GIVEN ENTRIES:

————

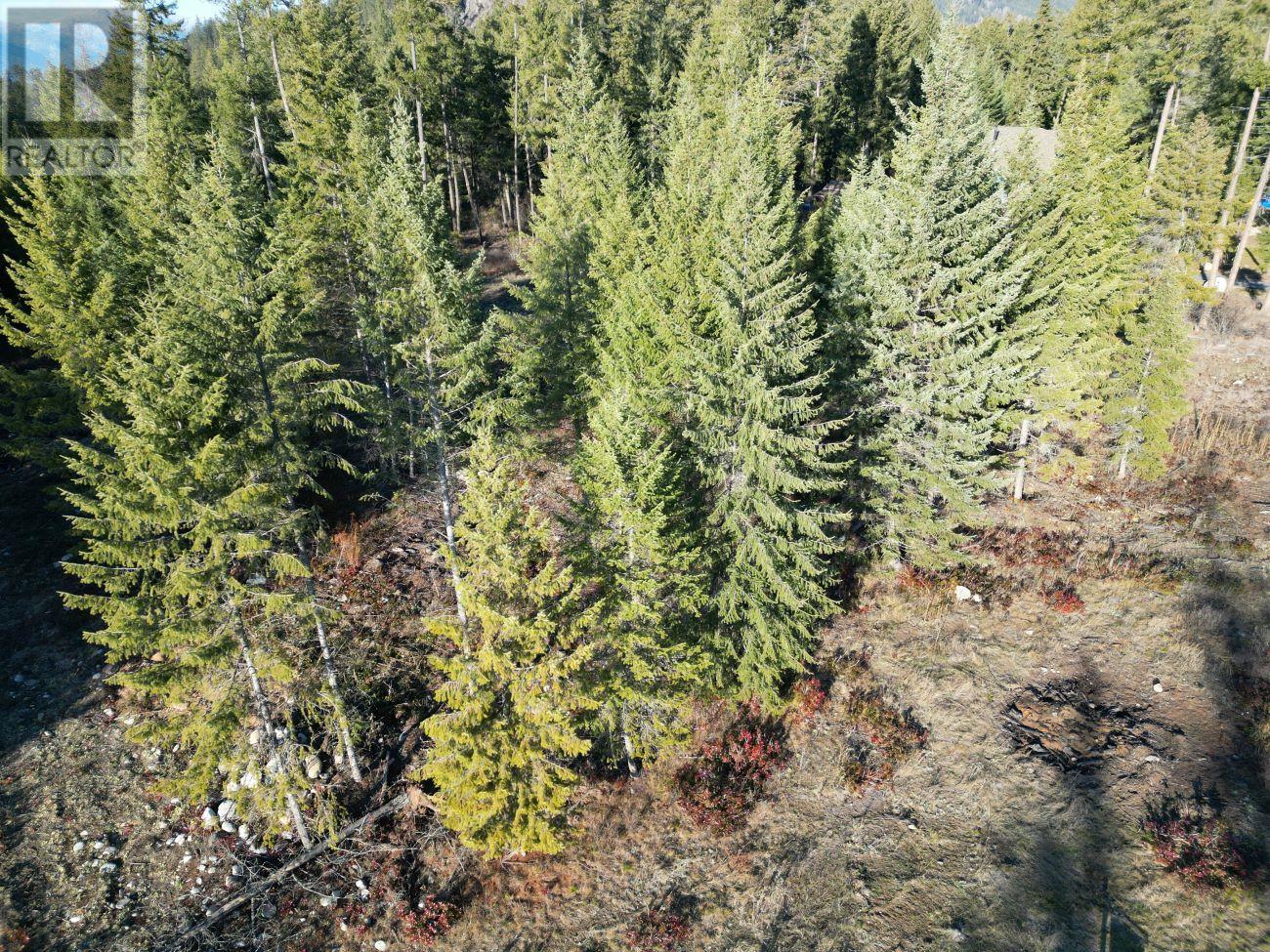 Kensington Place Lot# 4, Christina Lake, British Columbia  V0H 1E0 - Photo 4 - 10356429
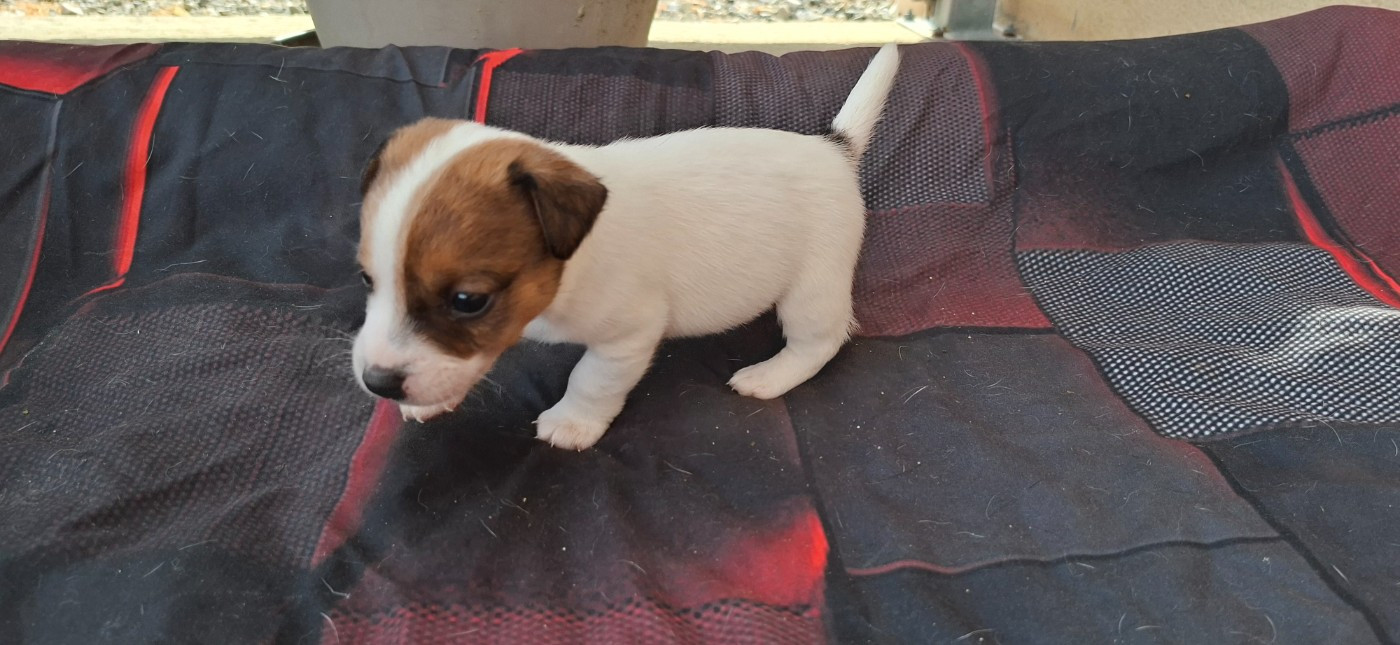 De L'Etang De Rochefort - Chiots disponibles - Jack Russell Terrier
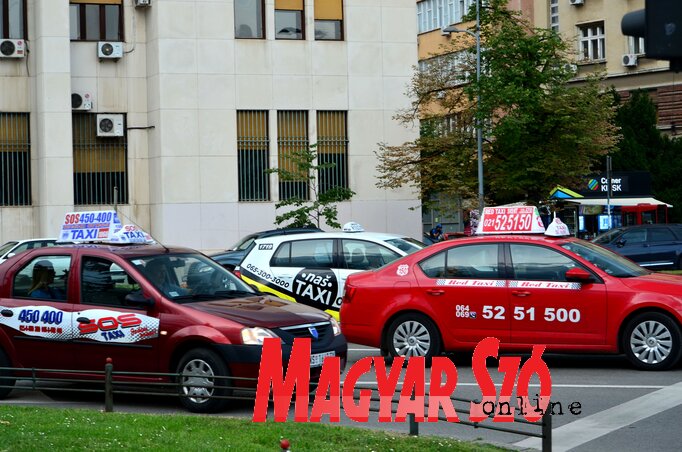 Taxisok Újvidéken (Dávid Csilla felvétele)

————

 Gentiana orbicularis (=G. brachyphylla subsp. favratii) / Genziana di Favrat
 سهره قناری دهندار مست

————

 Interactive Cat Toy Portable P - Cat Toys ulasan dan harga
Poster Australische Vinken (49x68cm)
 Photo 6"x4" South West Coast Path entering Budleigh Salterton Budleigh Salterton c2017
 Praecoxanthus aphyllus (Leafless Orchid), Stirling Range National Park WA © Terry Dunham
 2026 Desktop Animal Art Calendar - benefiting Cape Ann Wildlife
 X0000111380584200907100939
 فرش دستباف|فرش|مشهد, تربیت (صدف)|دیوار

————

ABOUT THIS EXERCISE:
In the records above, find the line containing "Kensington Place Lot#" and the line containing "Taxisok Újvidéken (Dávid Csilla felvétele)", then give both of them again word for word along with every line between. Omit any pictures.

FINAL ANSWER:
 Kensington Place Lot# 4, Christina Lake, British Columbia  V0H 1E0 - Photo 4 - 10356429
 De L'Etang De Rochefort - Chiots disponibles - Jack Russell Terrier
 Taxisok Újvidéken (Dávid Csilla felvétele)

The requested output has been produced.